Curitiba ainda tem uma estátua do ex-ditador sírio Hafez al-Assad
No contexto de um movimento global de protestos, manifestantes têm derrubado estátuas de figuras históricas. Americanos desabaram líderes confederados de seus pedestais, por exemplo, enquanto ingleses jogaram um mercador de escravos em um rio e portugueses vandalizaram o jesuíta Antonio Vieira. O bandeirante Borba Gato, em São Paulo, teve de ser vigiado 24 horas por dia para não cair também. Essas ações abriram um debate sobre como lidar com a memória.
Uma estátua em Curitiba, no entanto, tem passado batida por essa onda de derrubadas: a do ex-ditador sírio Hafez al-Assad. Como lembrou Jean-Philip Struck na rede social Twitter na semana passada, o busto de Hafez segue incólume em uma pracinha da cidade. Disse:
Sobre a discussão das estátuas. Em uma praça de Curitiba existe um busto do antigo ditador sírio Hafez al-Assad, pai do igualmente sanguinário Bashar al-Assad.

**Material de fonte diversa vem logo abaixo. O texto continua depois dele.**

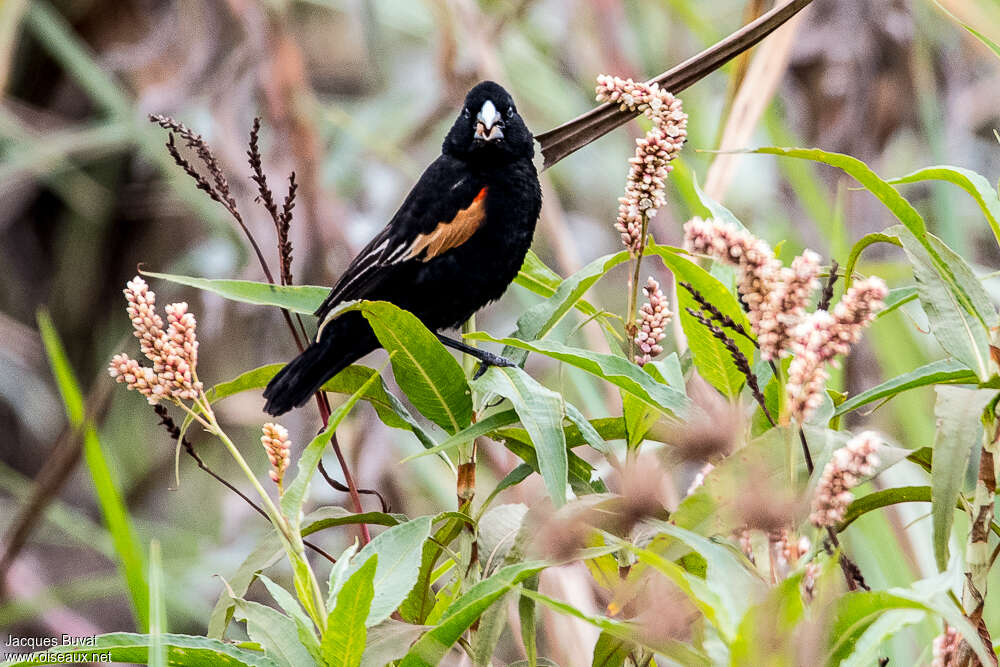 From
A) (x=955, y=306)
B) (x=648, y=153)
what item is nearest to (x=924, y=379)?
(x=955, y=306)

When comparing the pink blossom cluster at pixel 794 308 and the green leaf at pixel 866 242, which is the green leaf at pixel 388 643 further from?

Foi instalado no início dos anos 2000. Continua no mesmo local, nove anos após o início da guerra civil pic.twitter.com/zwEZTT2VO4
— Jean-Philip Struck (@jeanstruck) June 13, 2020
Hafez al-Assad governou a Síria de 1970 a 2000. Foi ele quem cimentou o violento estado de polícia que sobrevive até hoje. Ele é responsável, também, pela chacina de 1982 em Hama — durante a qual a cidade foi devastada, e seus moradores, massacrados. A Síria, governada por seu filho Bashar, vive desde 2011 uma guerra civil.
O busto de Hafez al-Assad, no bairro Portão, foi posto em 2002 por um projeto do então vereador Paulo Salamuni, um descendente de árabes. Uma placa apresenta Hafez como “o grande construtor da Síria moderna”. Em 2012, houve protestos contra a estátua, por razão da violência sistemática do estado sírio contra a própria população.
O Brasil abriga uma das principais comunidades sírias do mundo. Foi para o Brasil que sírios e libaneses migraram em massa entre 1870 e 1930, fugindo do Império Otomano e do mandato francês. Entre outras coisas, eles trouxeram o quibe e a esfiha e levaram de volta para a terra natal o chá mate que aprenderam a beber na América Latina.
A estátua de Hafez não é, aliás, a única relação incômoda entre políticos sírios e o Brasil. Adib al-Shishakli, que foi presidente da Síria nos anos 1950, fugiu para Goiás depois de ser deposto. Em 1964, ele foi assassinado em Ceres por um migrante sírio em busca de vingança.